Saturday, January 15, 2011

Selling Books in the Amazon (Age).

As readers and writers we live in a period more exciting than a 13th sign, a Mayan end-time, or a Zombie apocalypse—the expansion of publishing channels.  I have been for my entire writing life in sales.  I was an Investment Banker on Wall Street, the owner of a gourmet shop, a commercial banker and a teacher (try convincing high school students that learning Geometry is a good investment of their time and then tell me that’s not a tough sell.)  So, in addition to the craft of writing, I am a student of the business of publishing and, more importantly, selling books.  Writing a book that does not sell is, in my mind, akin to keeping a journal.

In college, I was a Biology major with a particular interest in evolution and physical anthropology.  Like mathematics, these areas of science are more about patterns and progressions.  Perhaps because my brain is wired a certain way, I like to watch, study and sometimes comment on patterns and change in other areas of interest.  The book industry is in the midst of something bordering on catastrophic evolution, as compared to the slower Darwinian type. Borders has hired re-structuring lawyers, small publishing houses and e-publishing platforms are expanding rapidly.  Amazon is a (or is it the) major player in book sales with over a gazillion titles.  Gazillion is a technical mathematic term meaning more than I can wrap my head around. Amazon also has its own e-publishing platform. Will we see the return of the small bookstore and what will it look like?

At the end of the day, the issue is how many books will I sell (someday) or how many will you?  And how will we do that?  One of us may write the great American Novel or just a really good read, but we need to stand out from the crowd.  It is not just the agent’s slush pile that matters anymore; it is Amazon’s slush pile. 

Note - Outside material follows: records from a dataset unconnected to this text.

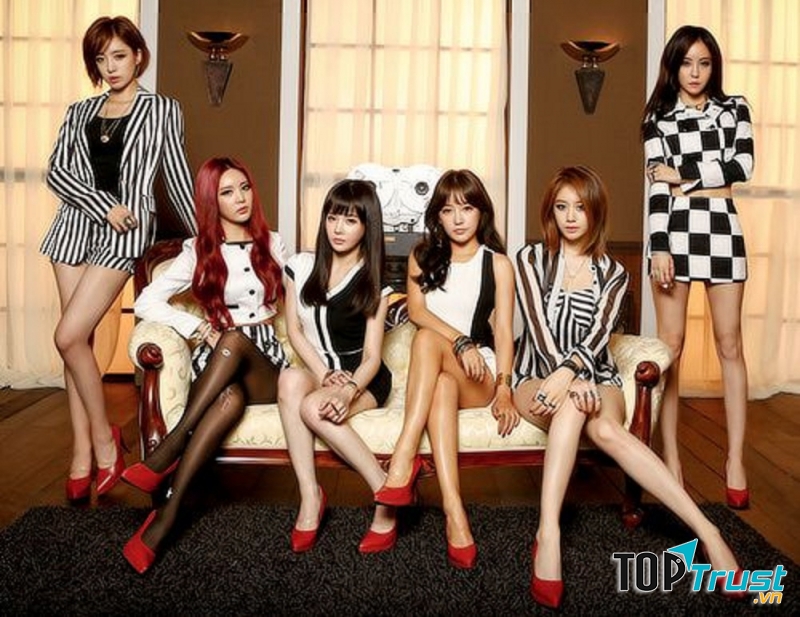 Một cảnh trong MV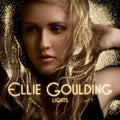 the album cover for Ellie Goulding - Lights [Import]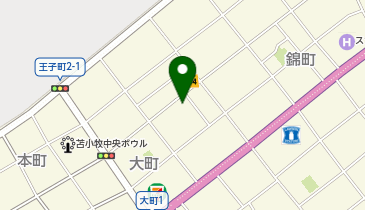 大王ビルの地図画像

We are responsible for our own brand.  How do we create it and promote it to reader market?  The goal is to reach people who may never have heard of us and convince them to read our book.   What will the marketing channels of the future look like? Will there be any point in signing books in Barnes and Noble or Borders if foot traffic declines?  This may sound exaggerated now, but if current trends continue the book selling industry will be a very different animal before too long.

So as we sit in the Storytellers’ Grove like our ancestors who sat around the fire, please share your wisdom, ideas and thoughts.